The suspension L9 coming out of zone CI) is separated in (J) to form liquid Lto and cake St. I got O. Cake StO was washed with 22 parts by weight of water (Lzs) in (K). , cake S□1 and liquid Lu were obtained. Construct liquid LIT by mixing liquids L1o and Lll. accomplished. Liquid L17 was 450 parts by weight.

This liquid L17 had the following composition.

U: 27.2% Mo: 0.016% Zr: 0.005% &O 1 NO3 + other 2.779% purified liquid L17 is part of CG) The cake S6 obtained in the first stage is reused to suspend it, and the remaining cake is Part Lt.

constituted the uranium production liquid.
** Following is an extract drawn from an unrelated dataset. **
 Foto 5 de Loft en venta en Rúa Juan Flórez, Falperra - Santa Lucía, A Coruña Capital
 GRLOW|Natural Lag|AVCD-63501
Cake S11 after drying at 60U is 5.6 parts by weight The weight was .

The cake contains substantially 99% of the zirconium originally present in the uranium-containing concentrate. ．． The uranium concentration is 0.1% of the uranium originally present in the concentrate. The amount represented a loss of 4%.
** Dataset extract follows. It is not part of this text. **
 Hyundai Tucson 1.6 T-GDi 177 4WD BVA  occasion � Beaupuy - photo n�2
In the case of a continuous process, this loss was resuspended in weakly acidic liquid L- in CM). . After filtration with (N), liquid L26 is reused as liquid L13 in (A).

Example 5 In this license, a method using a modified example of the method of the present invention and a method not using it are compared. Ta.
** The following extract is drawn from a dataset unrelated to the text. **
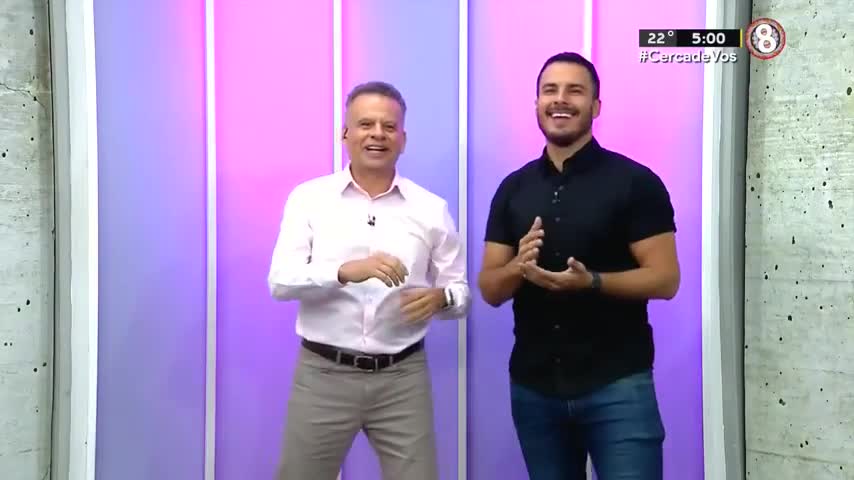 Mi Casa es su Casa, 09 de septiembre de 2025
Test N shows the method of FIG. 1 without using the variant.

Test 0 represents a variation of the method of the invention shown in FIG.

According to Tess) N, in the first stage of the process, in the suspension zone, the following Introducing 150 parts by weight of orchid-containing ore having a weight percent ffi composition of I entered.

U: 68.2% Mo: O, 13% zr: 2.44 copies Flat: 9.0% Others + H20: 20.23% Into the same zone (A) 123 parts by weight of water are introduced and then the amount of water required to form a homogeneous suspension is Stir for hours. Add an amount equivalent to 39 grams of 100% HNO3 to this suspension over 20 minutes. (Zone B). Next, to the suspension obtained as above (CyC), 29.01 1 (7) Add H2O2 (100%) (Lzt) for 20 minutes and add sodium hydroxide. (L22) was added to adjust the pH to 3.4. Hanging out of zone (C) In D) for suspension L3, maintain the suspension at a temperature of 30C for 2 hours under stirring. A ripening treatment was carried out.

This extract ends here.